What (actually) happens, when a function with the warning "control reaches end of non-void function" is called?

Question

I know what this message means, I just wondered why it is not an error message, but just a warning?

What happens in this case? For example, suppose I have a function

int f()
{
}

and what happens when I call it?
Does the compiler adds returning of "non-initialized" int in this case?
Or the missing return could cause stack corruption?
Or it's (absolutely) undefined behavior ?

_{Tested with gcc 4.1.2 and 4.4.3}

---

EDIT: Reading the answers I understand one thing, reading the comments - another..

OK, let's summarize: it's undefined behavior. Then, this means, that it is possible to result in stack corruption, right? (it even means, that my computer may start throwing rotten tomatoes over me through the mic jack, screaming - "what have you done???").

But if so, then why the top answer here says, that stack corruption can't happen and, in the same time, that the behaviour is undefined?

And undefined in respect to? The caller, that tries to use the "not returned value", or just the end of the function is undefined, if it must return value, but it doesn't?

Or it's not undefined behavior, and just the user, who tries to use the value (that is not returned, d'oh!) will "receive" undefined value? In other words - just some garbage value and nothing more can happen?

Answer 1

A: No, the missing return would not cause stack corruption

A: Yes, the behavior would be "undefined" if the caller tried to read and/or use the (undefined!) return value.

PS:

Here's a citation for C++:

C++03 §6.6.3/2:

Flowing off the end of a function is equivalent to a return with no value; this results in undefined behavior in a value-returning function.

Answer 2

You asked about both C and C++. The rules are different in the two languages.

In C, the behavior is undefined only if the caller attempts to use the value returned by the function. If you have:

int func(void) {
    /* no return statement */
}

...

func();

then the behavior is well defined.

In C++, the behavior is undefined (if the function is called at all) whether the caller attempts to use the result or not. (This is for historical reasons; pre-ANSI C didn't have the void keyword, and functions that were not intended to return a value were commonly defined (implicitly) to return int.)

John Bode's answer already quoted the N1570 draft of the 2011 ISO C standard, 6.9.1p12:

If the } that terminates a function is reached, and the value of the function call is used by the caller, the behavior is undefined.

And paulsm4 cited the C++ standard; quoting the latest 2011 version, 6.6.3p2:

Flowing off the end of a function is equivalent to a return with no value; this results in undefined behavior in a value-returning function.
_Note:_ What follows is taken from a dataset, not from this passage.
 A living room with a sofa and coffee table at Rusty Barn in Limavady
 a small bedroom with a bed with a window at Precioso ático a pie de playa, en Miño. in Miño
The historical reasons that led to C permitting a value-returning function to fail to return a value, as long as the value is not used by the caller, do not apply to C++, whose design was not as strongly influenced by the need to avoid breaking old (pre-ANSI C) code.

In both C (starting with C99) and C++, the main function is a special case; reaching the closing } of main without executing a return is equivalent to a return 0;. (C permits main to return an implementation-defined type other than int; in that (rare) case, falling off the end returns an unspecified termination status to the host environment.)

Of course omitting the return statement from a value-returning function, or having a possible execution path that doesn't reach a return statement, is a bad idea. It makes sense only in ancient legacy C code that uses int as a stand-in for void, and in main (though even for main, I personally like to have an explicit return 0;).